# [Data extracts]
○ ○ ○ ○ ○

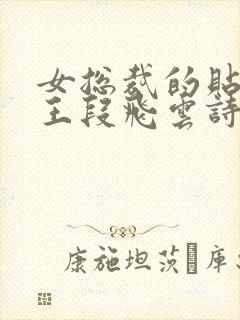 女总裁的贴身兵王段飞云诗彤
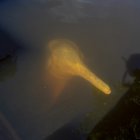 Un delfín rosado del Amazonas es visto el 29 de mayo de 2022 en el Parque Nacional Yasuní (Ecuador).
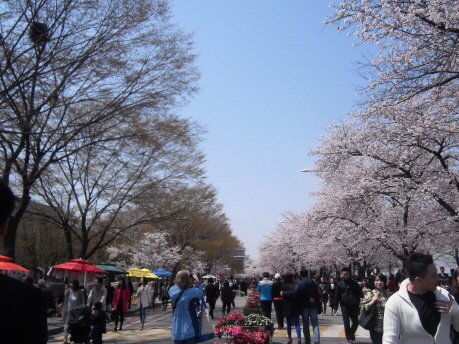 벚꽃이 활짝 핀 국회 근처. 점심때라 사람들이 더 많이 모이고 있는 시간이다.
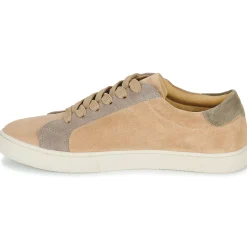 Dream in Green - ACANTHE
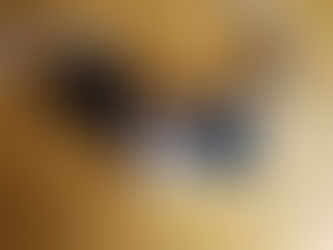 ミラーレス一眼レフ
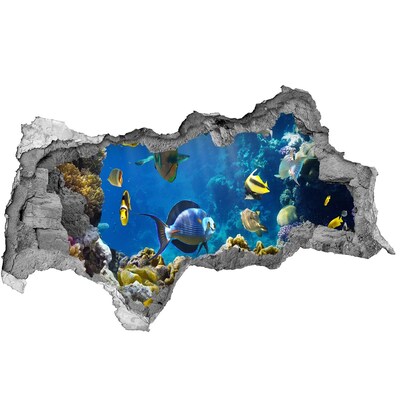 Fototapeta díra na zeď Podvodní svět korálového útesu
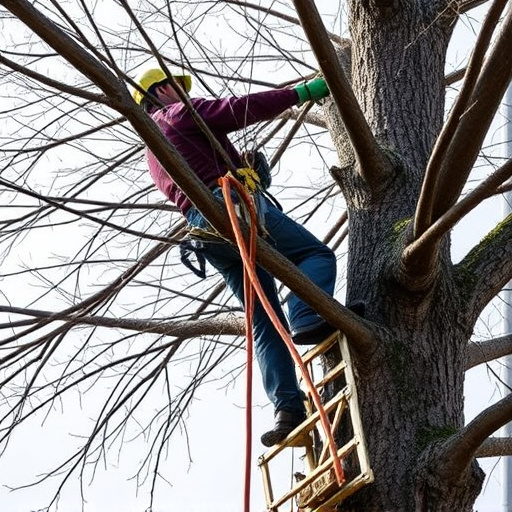 tree trimming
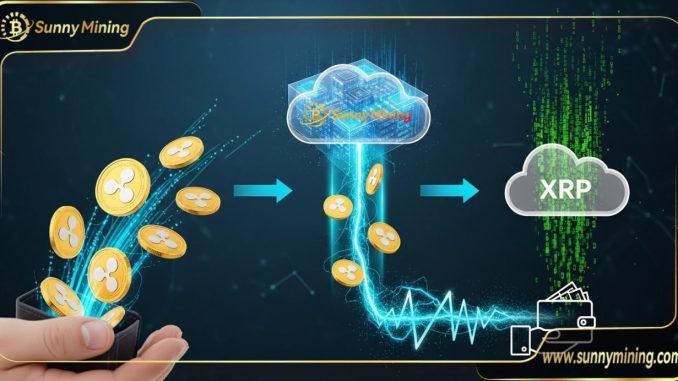 XRP Price Fluctuations: Sunny Mining Launches High-Yield Cloud Mining, Helping Users Convert XRP into Daily Profits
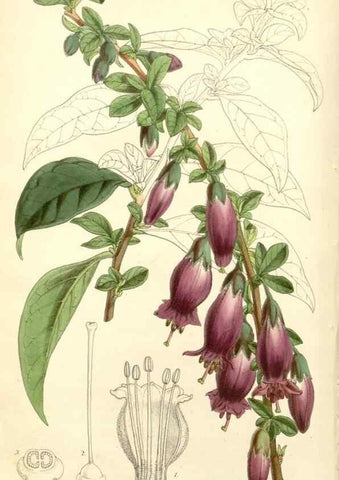 Reproducción/Reproduction 8272611528: Curtis's botanical magazine.. London ;New York [etc.] :Academic Press [etc.]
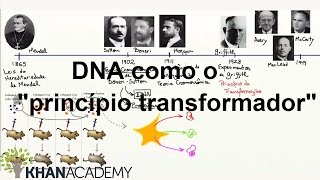 DNA como o quotprincípio transformadorquot  DNA como o material genérico  Biologia  Khan Academy [upl. by Rip412]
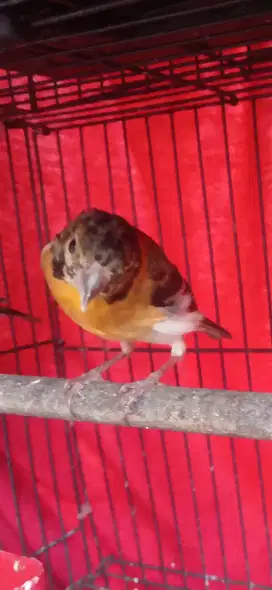 Burung Red Siskin Klasik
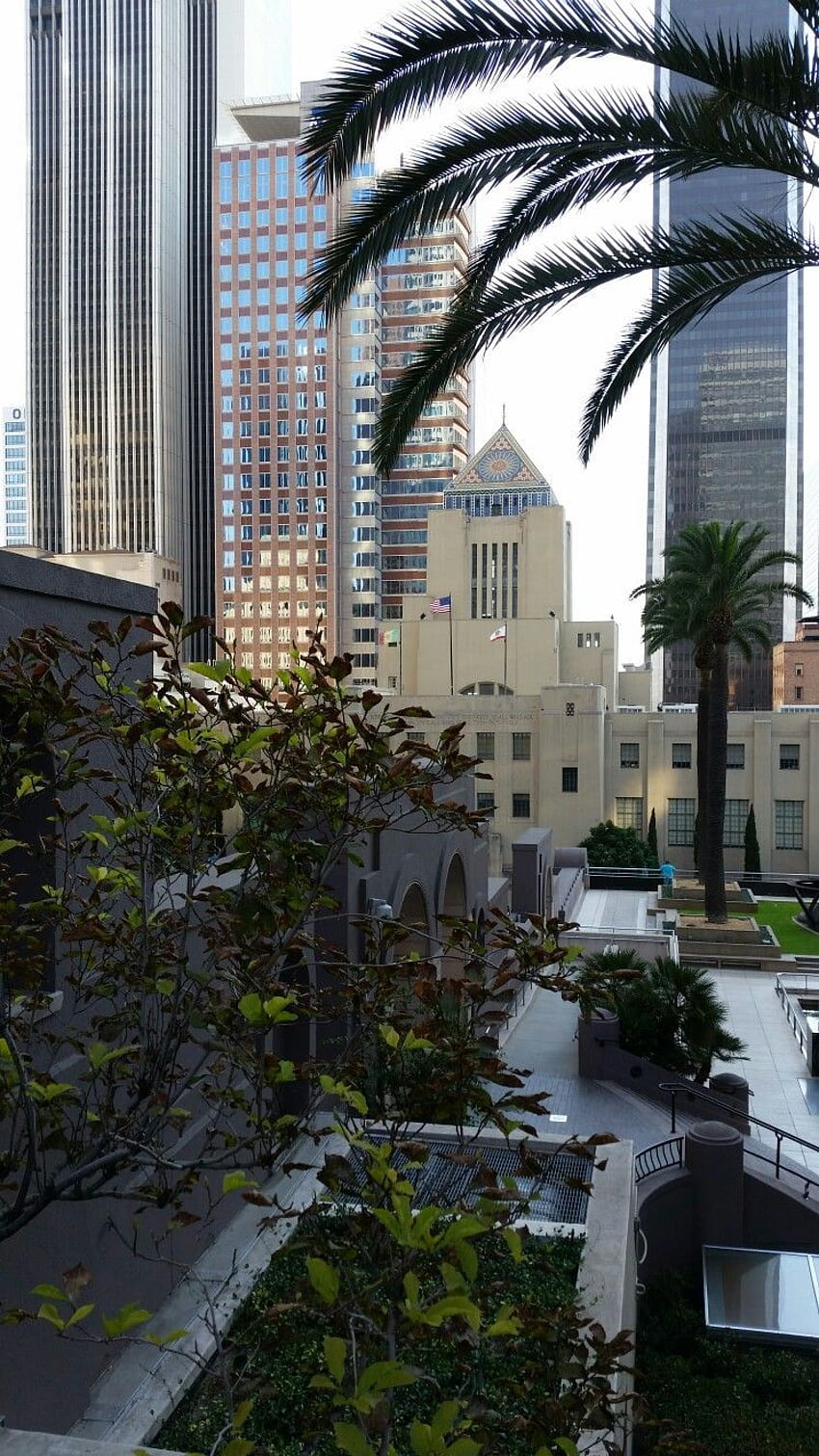 Centro de Los Ángeles. iPhone de Los Ángeles , Los Ángeles fondo de pantalla del teléfono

○ ○ ○ ○ ○

# [Required action]
Return the lines from the one containing "Fototapeta díra na" through the last line of the records, both included, exactly as written and with no pictures.

# [Expected output]
 Fototapeta díra na zeď Podvodní svět korálového útesu
 tree trimming
 XRP Price Fluctuations: Sunny Mining Launches High-Yield Cloud Mining, Helping Users Convert XRP into Daily Profits
 Reproducción/Reproduction 8272611528: Curtis's botanical magazine.. London ;New York [etc.] :Academic Press [etc.]
 DNA como o quotprincípio transformadorquot  DNA como o material genérico  Biologia  Khan Academy [upl. by Rip412]
 Burung Red Siskin Klasik
 Centro de Los Ángeles. iPhone de Los Ángeles , Los Ángeles fondo de pantalla del teléfono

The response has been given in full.